Mandela ou les chemins du pardon

Vingt-sept ans de prison !

Ce n’est pas un jour

Ce n’est pas une année

Ce ne sont pas dix années

Mais vingt sept années !

Ils ont eu, lui et son compagnon

Le temps, tout le temps

de prendre la mesure de l’homme et de la marche des peuples.

ils ont eu le temps de chercher les chemins qui conduisent

à la réconciliation et à la paix.

De leur cellule, ils ont regardé les murs de leur prison.

Derrière ces murs de béton, ils ont vu un mur non moins redoutable,

le mur du mépris. Au pays de l'apartheid, ce mur sépare, légalise la séparation :

au petit nombre la richesse et la force,

au grand nombre la pauvreté et le silence.

C’est alors qu’ils décidèrent de tracer un chemin de pardon.

Ils dirent à leur peuple :

« Jetez à la mer balles et fusils.

Désarmez vos cœurs et laissez tomber les armes de vos mains

nous pourrons alors commencer à tracer le chemin de la paix ».

Et Mandela a tracé le chemin de sa pratique de paix :

C’est du terrain des pauvres de mon peuple que peut naître la réconciliation.

Ce sont des places poussiéreuses de leurs quartiers que peut fleurir le pardon.

C’est du ballon ovale et du sifflet de l’arbitre qu’ils apprendront à se pardonner.

C’est de la misère et de l’humiliation qu’ils tendront les mains vers les ennemis d’hier.

Il avait fait le choix de la violence, aujourd’hui, il fait celui de la non-violence, certain qu’elle gagnera !

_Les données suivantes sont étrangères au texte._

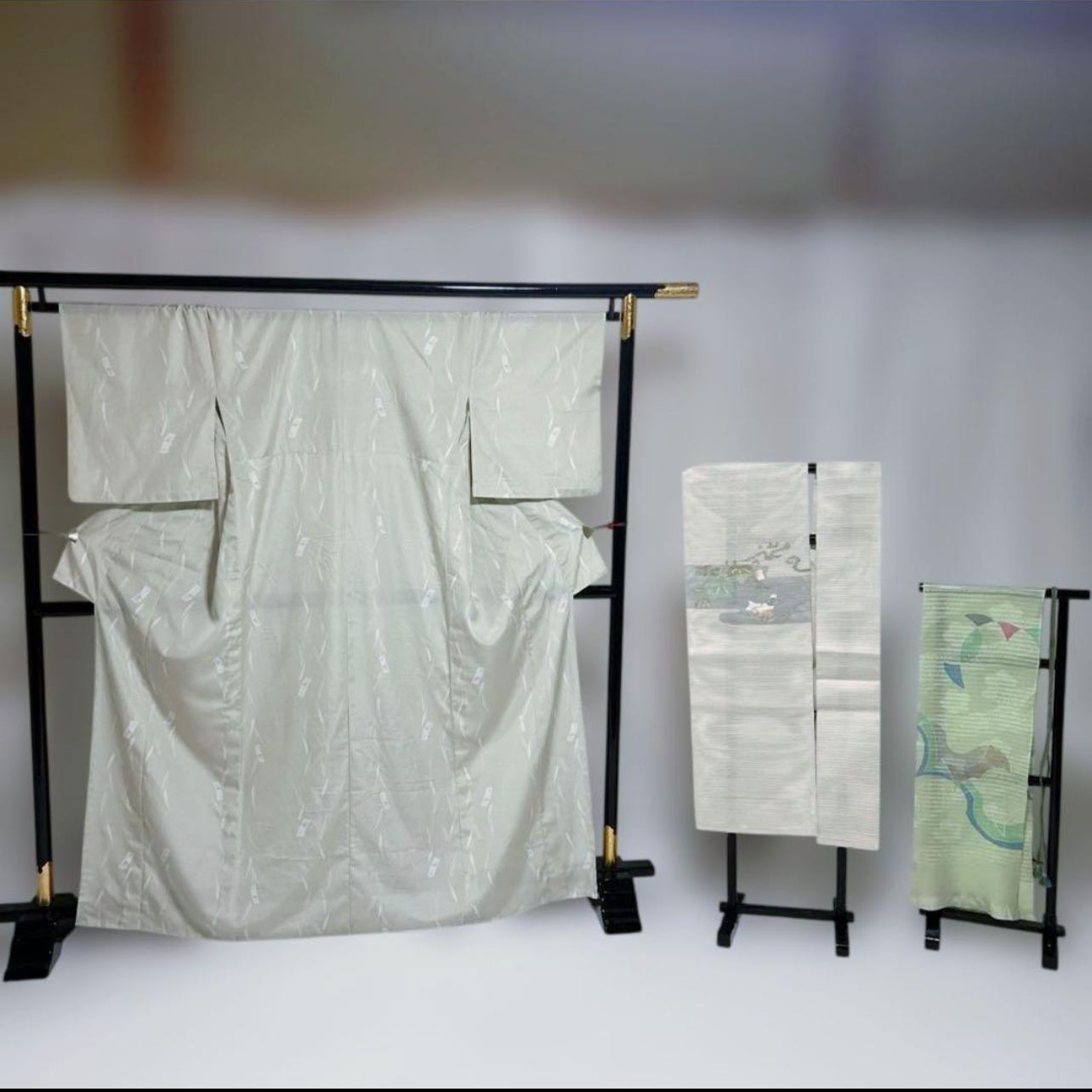 美品 東レ 絽 江戸小紋 フルセット 夏羅帯 夏帯締め 夏帯揚げ 裄丈69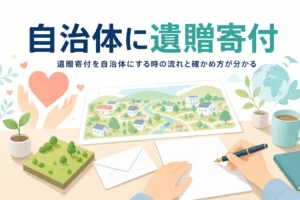 自治体に遺贈寄付する時の流れと、土地を市区町村に寄付する前に確かめたいことを紹介する記事のアイキャッチ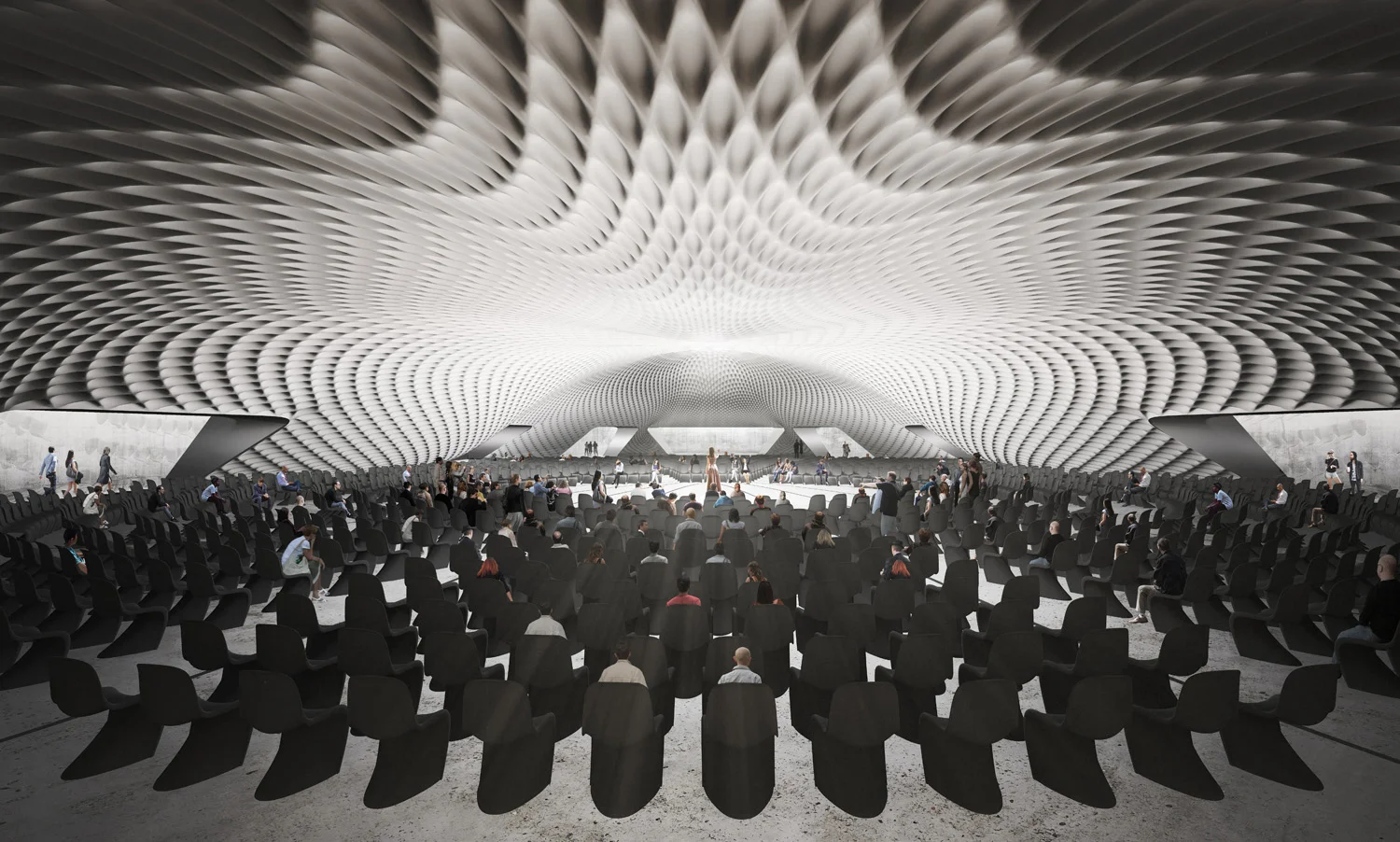 Rome Concrete Poetry Hall Interior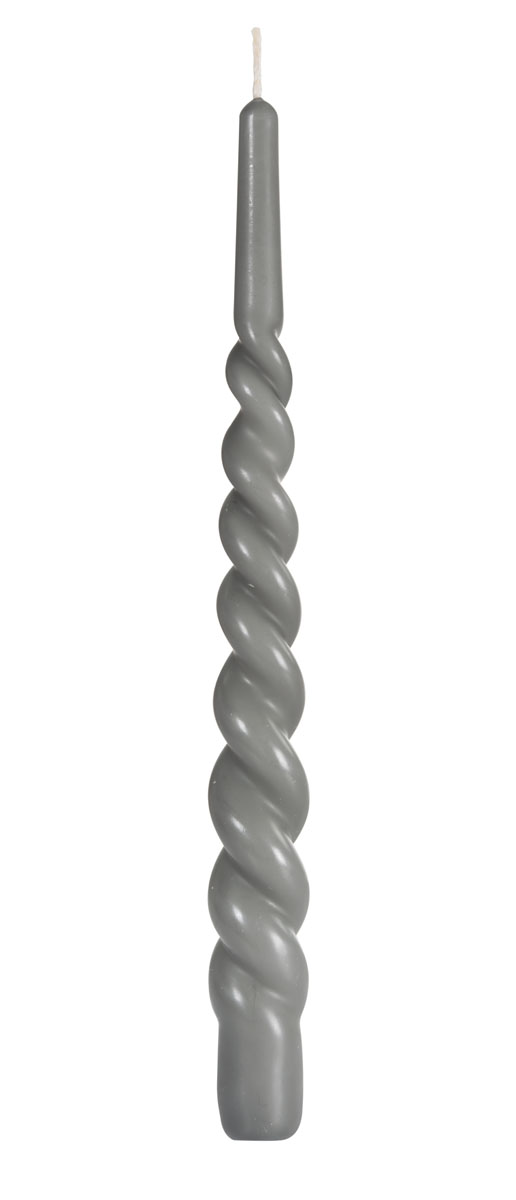 Lumanare împletită 28cm, gri, 2buc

Cette conviction est un chemin de pardon

Et, le plus souvent, un pardon en chemin

parce qu’il faut du temps pour pardonner.

Dans l’austère solitude de sa prison, il avait appris

que le refus de pardonner nous enferme dans le passé

que le pardon nous ouvre un avenir.

Et de toutes ses forces, il voulait un avenir pour son peuple.

Il a prolongé sa réflexion dans le silence de sa maison en écrivant :

« Il n’y a pas de couple dont l’amour puisse durer sans pardon !

Il n’y a pas de famille qui reste unie sans pardon !

Il n’y a pas de pays ou de peuple qui grandisse en humanité sans pardon ! »

Pour terminer, j’affirmerais volontiers : le pardon a une dimension politique.